Citigroup's secret transfer of hundreds of millions of dollars for wealthy foreign politicians or their relatives during the 1990s through a global web of bank accounts will be scrutinized this week at Senate hearings on the lucrative world of private banking.
A major accusation to be explored at the hearings is that top Citigroup officials, including chief executive John Reed, knew about but paid little heed to internal bank audits in the 1990s warning that the private banking unit was vulnerable to money laundering, according to congressional investigators.
Questions about possible money laundering by Citigroup have been raised in official reports and news accounts since 1995.
Citigroup has said that private banking problems were isolated cases involving lower-level employees without the knowledge of higher-ups and that the problems have been remedied.
The hearings by the Senate's permanent subcommittee on investigations were initiated a year ago by publicity surrounding Citigroup's relationship with Raul Salinas, the brother of the former Mexican president, and as much as $100 million in alleged drug money the bank secretly transferred out of Mexico from 1992 to 1994 on his behalf.
The U.S. General Accounting Office, the investigative agency of Congress, found in 1998 that in handling Salinas, who is in jail after being convicted of murder, the nation's largest bank repeatedly failed to follow its own safeguards designed to protect it against money laundering.
Regulators at the Federal Reserve Board reviewed the bank's practices in 1997, stating in an internal memo that "the problem is that for years audit has been identifying problems and nothing has been done about it," according to documents obtained by the subcommittee.
After forcing the bank to substantially clean up its private banking operations in 1998, the Fed approved its pending merger with insurance giant Travelers Group in October of that year.
The subcommittee has spent a year examining Citigroup, but congressional investigators make clear in interviews and in a report by the panel's Democrats that the pattern found at Citigroup results from procedures that are standard throughout the private banking industry.
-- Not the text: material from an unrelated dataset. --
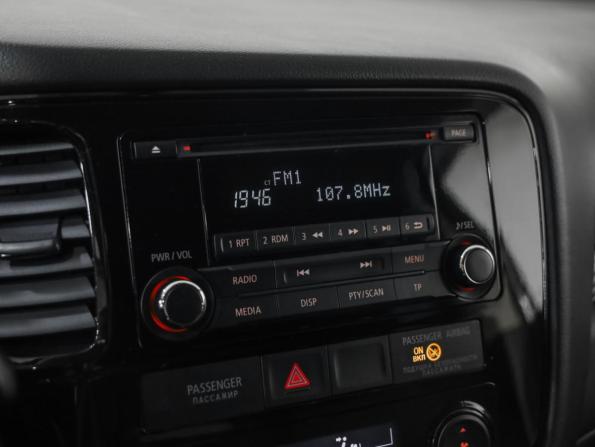 Mitsubishi Outlander III Рестайлинг 2 с пробегом 2016 года, цена 2 016 000 рублей, 38000 км, внедорожник, Автокод Объявления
Private banking units manage an estimated $15.5 trillion worldwide for wealthy people who want to move money secretly to avoid taxes or other encounters with governments.
The subcommittee's Democrats and Republicans worked on the year-long investigation, but only staffers for Sen. Carl M. Levin (D-Mich.) wrote a report summarizing the findings.
A Republican investigator on the subcommittee said the panel's chairman, Sen. Susan Collins (R-Maine), agrees with the facts outlined in the report and its overall conclusion that Citigroup acted too slowly to correct problems. The investigator said, however, that Collins needs more time to study the report before she can say she agrees with "every line in it."
Among the report's findings:
* After Salinas was arrested in 1995 on charges of murder, Citigroup employees had taped phone conservations that show "the private bank's institutional reaction was not to assist law enforcement, but to determine whether the Salinas accounts should be moved to Switzerland to make discovery of the assets and bank records more difficult."
* Citigroup was a private banker to Asif Ali Zardari, the husband of Benazir Bhutto, the former prime minister of Pakistan. The Pakistani government claims that Bhutto and Zardari "stole over $1 billion from the country," and there have been allegations that some Citigroup accounts for Zardari "were used to disguise $10 million in kickbacks for a gold importing contract to Pakistan."
* Citigroup has had an extensive private banking relationship with El Hadj Omar Bongo, the elected president of Gabon on the West Coast of Africa, in which it has moved funds through his accounts since 1985 that have exceeded $130 million. Citigroup's private bankers believed that some funds came from Gabon's public treasury, the report says Citigroup documents show. A $5 million deposit in one of Bongo's accounts came at the same time that the International Monetary Fund "completed a new loan agreement with Gabon," the report said.
* Citigroup handled accounts for three sons of Gen. Sani Abacha, who was the military leader of Nigeria from 1993 until he died in 1998, and who, the report noted, "is widely condemned as responsible for one of the most corrupt and brutal regimes in Africa."
The report also notes a lack of aggressiveness by bank regulators at the Office of the Comptroller of the Currency, a unit of the Treasury Department, in looking into these activities. Treasury officials had no comment yesterday.
As previously reported, Reed is expected to say when he testifies at the hearings Tuesday that the bank made mistakes in its private banking unit and that problems were not attacked soon enough or aggressively enough when internal audits raised red flags in the early 1990s.
Citibank officials said the issues that will be raised at the hearings are "old news" and that the bank now has strong systems in place to guard against money laundering.